En attendant, le milieu indé va évidemment souffrir… Il va falloir réinvestir les circuits de distribution ou de promotion parallèles, revenir au do-it-yourself, multiplier les concerts, créer de nouveaux supports qui accueilleront cette mutation et convertir cette rage en élans créatifs. Ce n’est pas la fin : c’est un retour aux origines.

Si tu pouvais faire un vœu pour demain ?

Beaucoup d’études le montrent : l’éveil de conscience prend du temps (on parle généralement même d’une génération pour y parvenir). En refondant notre système éducatif et en y intégrant un grand nombre d’enseignements de cette crise (la nécessité du partage et de l’écologie, la fraternité, la décroissance…) nous pourrons ainsi mieux doter la nouvelle génération pour lui permettre de tenter de réussir là où nous avons échoué.

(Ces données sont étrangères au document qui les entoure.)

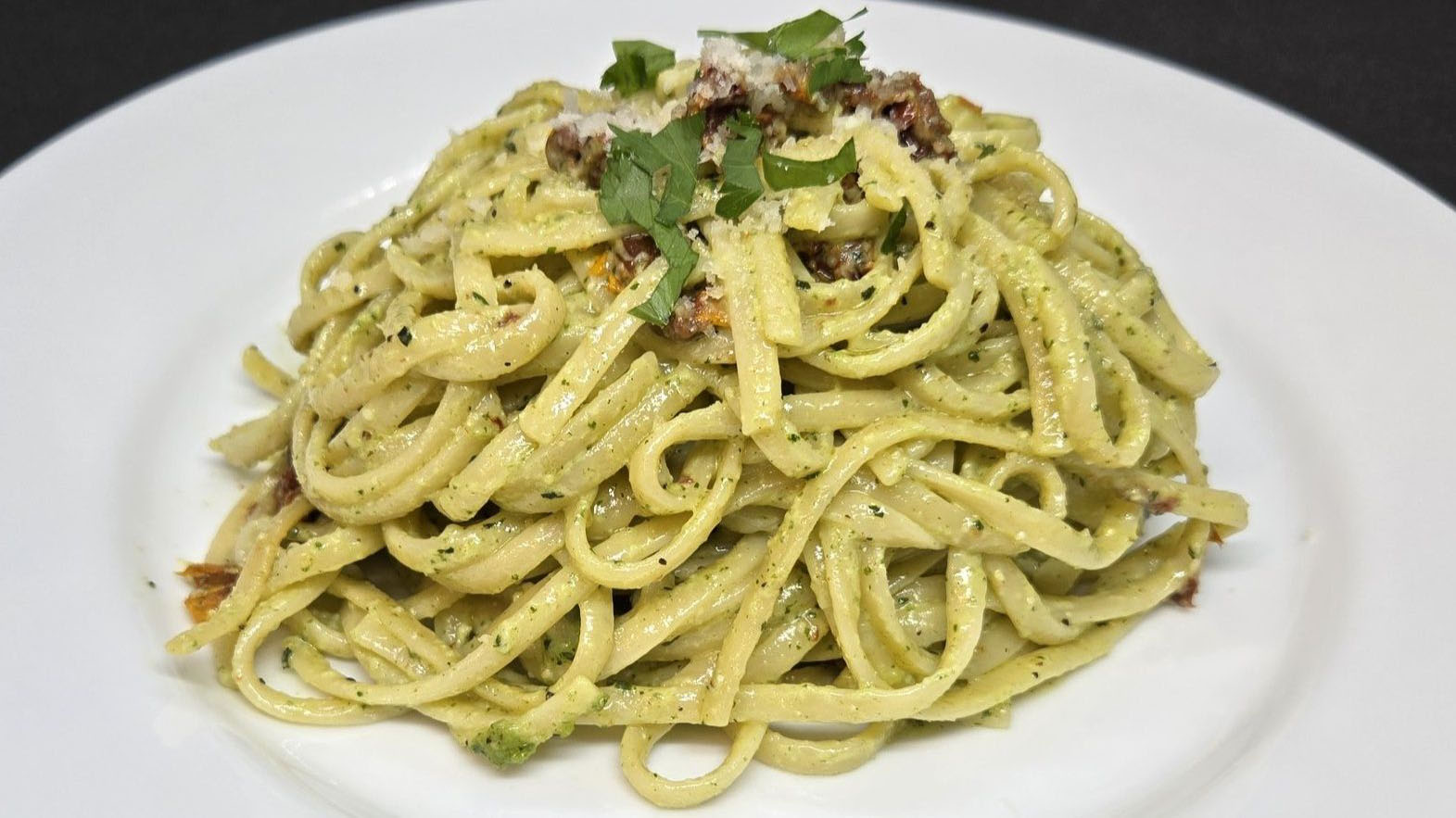 Pesto Linguine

Mais les médias ont aussi un rôle à jouer dans les représentations, en ayant recours à plus de pluralité de traitement et en s’appuyant davantage sur ses relais locaux. Il faut en finir avec notre condescendance corporatiste en continuant à inspirer, plutôt que donner des leçons ou informer sur ce que connaît déjà le public.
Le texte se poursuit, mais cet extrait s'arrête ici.